Comte, along with Emile Durkheim, established sociology as an academic discipline of sociology, wanted to create a distinct new field with its own group of scientific facts. Comte wanted sociology to become the "queen science," one that was more important than the natural sciences that proceeded it.

Five Principles of Positivism

  • The logic of inquiry is identical across all branches of science.
  • The goal of inquiry is to explain, predict, and discover.
  • Research should be observed empirically with human senses.
  • Science is not the same as common sense.
  • Science should be judged by logic and remain free of values.

Three Cultural Stages of Society

Comte believed that society was passing through distinct stages and was then entering its third. These included:

Theological-military stage: During this period, society held strong beliefs in supernatural beings, slavery, and the military.

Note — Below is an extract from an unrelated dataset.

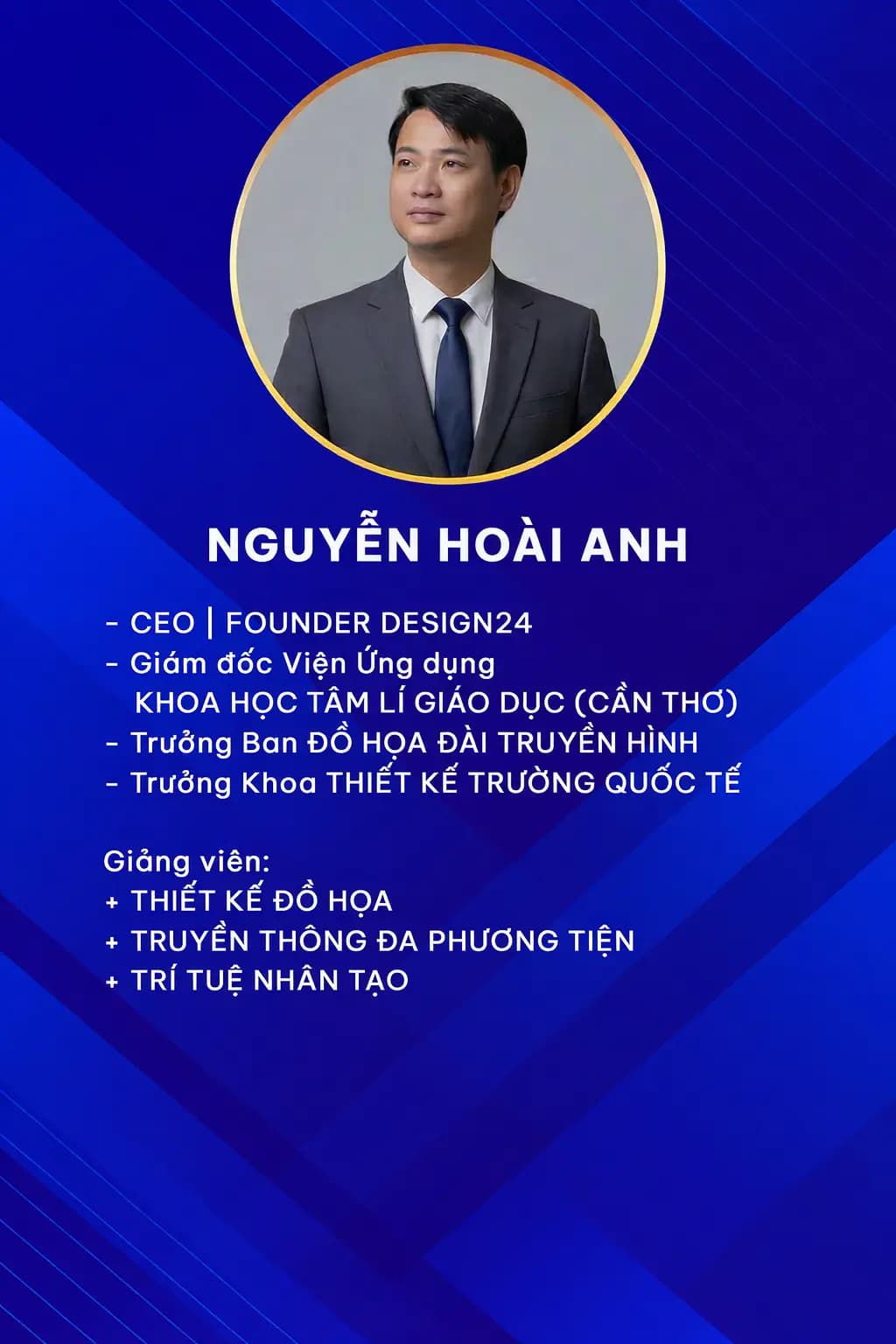 Giảng viên 06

Metaphysical-judicial stage: During this time, there was a tremendous focus on political and legal structures that emerged as society became more focused on science.

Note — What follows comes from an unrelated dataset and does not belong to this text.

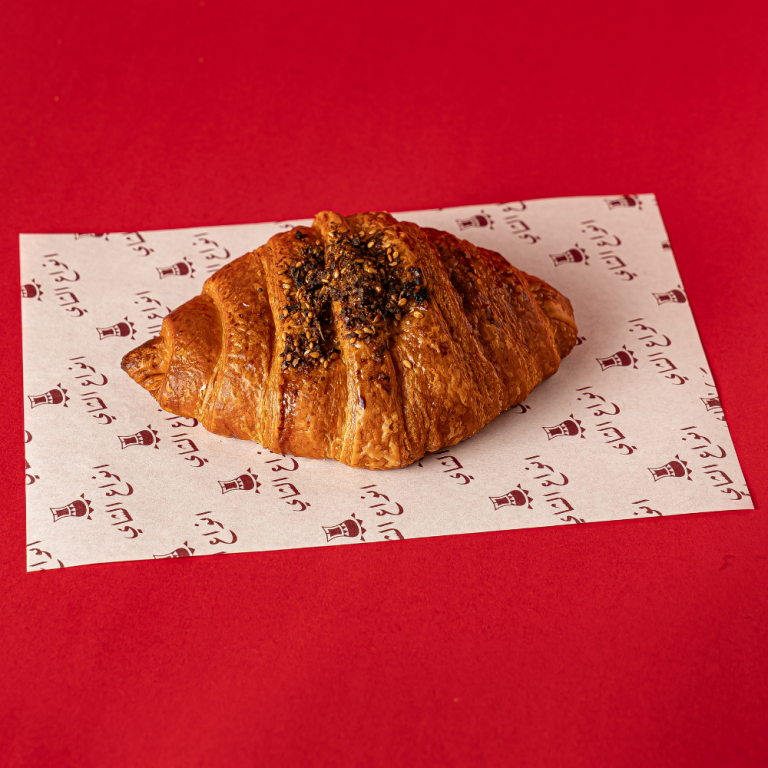 Croissant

Scientific-industrial society: Comte believed society was entering this stage, in which a positive philosophy of science was emerging as a result of advances in logical thinking and scientific inquiry.

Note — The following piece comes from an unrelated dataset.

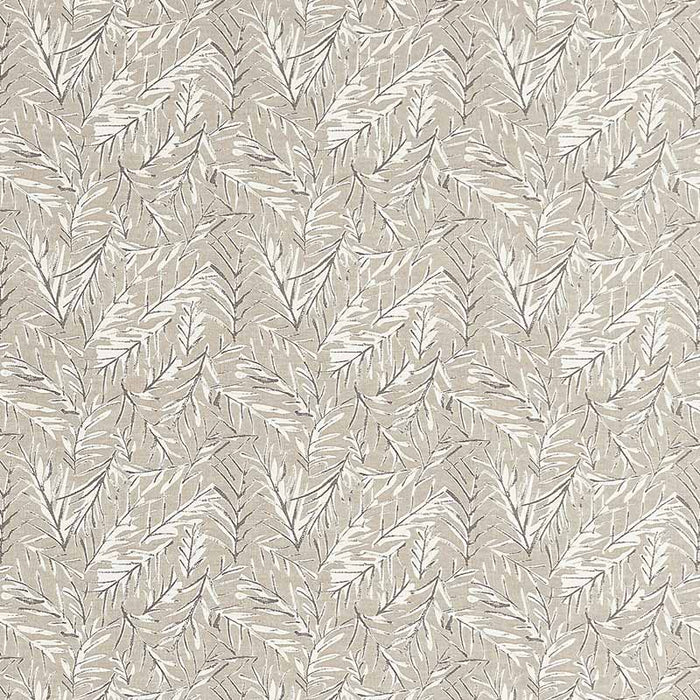 Clarke & Clarke Anelli Linen Fabric Sample F1410/04.CAC.0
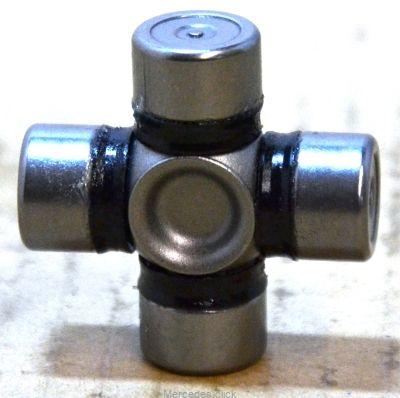 8a603bdc5f18413ce52b482318383c3f311f6e11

Modern Theory on Positivism

Positivism has had relatively little influence on contemporary sociology, however, because the prevailing theory is that it encourages a misleading emphasis on superficial facts without any attention to underlying mechanisms that cannot be observed. Instead, sociologists understand that the study of culture is complex and requires many complex methods necessary for research.

For example, by using fieldwork, a researcher immerses himself in another culture to learn about it. Modern sociologists don't embrace the version of one "true" vision of society as a goal for sociology like Comte did.